HotCloudPerf'24, London, May 11, 2024

Download PDF Slides

Abstract

NVMe SSDs have become the de-facto storage choice for high-performance I/O-intensive workloads. Often, these workloads are run in a shared setting, such as in multi-tenant clouds where they share access to fast NVMe storage. In such a shared setting, ensuring quality of service among competing workloads can be challenging. To offer performance differentiation to I/O requests, various SSD-optimized I/O schedulers have been designed. However, many of them are either not publicly available or are yet to be proven in a production setting. Among the widely-tested I/O schedulers available in the Linux kernel, it has been shown that Kyber is one of the best-fit schedulers for SSDs due to its low CPU overheads and high scalability. However, Kyber has various configuration options, and there is limited knowledge on how to configure Kyber to improve applications’ performance. In this paper, we systematically characterize how Kyber’s configurations affect the performance of I/O workloads and how this effect differs with different file systems and storage devices.
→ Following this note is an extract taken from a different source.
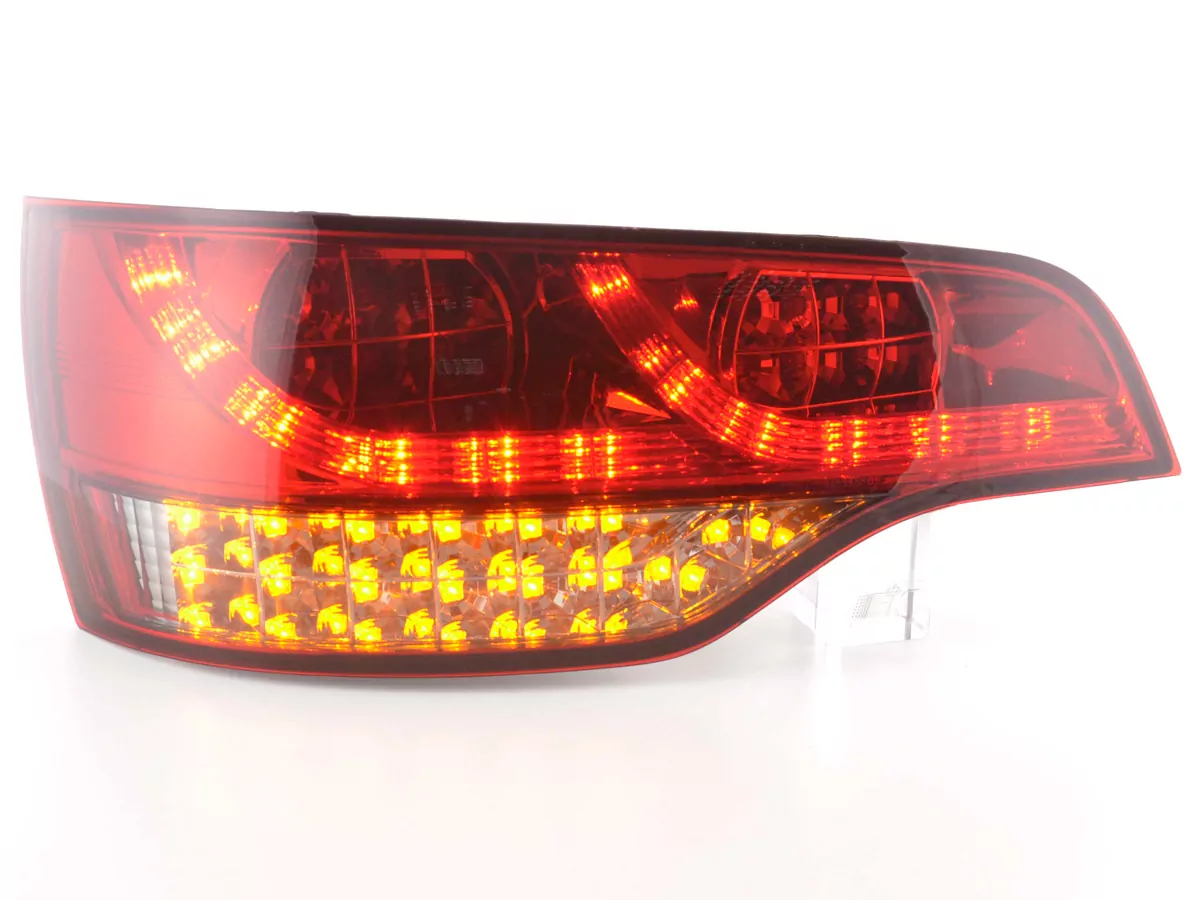 LED Rückleuchten Set Audi Q7 Typ 4L Bj. 06- rot/schwarz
We report 11 observations and make 5 guidelines that indicate that (i) Kyber can deliver up to 26.3% lower read latency than the None scheduler with interfering write workloads; (ii) with a file system, Kyber can be configured to deliver up to 35.9% lower read latency at the cost of 34.5%–50.3% lower write throughput, allowing users to make a trade-off between read latency and write throughput; and (iii) Kyber leads to performance losses when Kyber is used with multiple throughput-bound workloads and the SSDs is not the bottleneck. Our benchmarking scripts and results are open-sourced and available at: https://github.com/stonet-research/hotcloudperf24-kyber-artifact-public.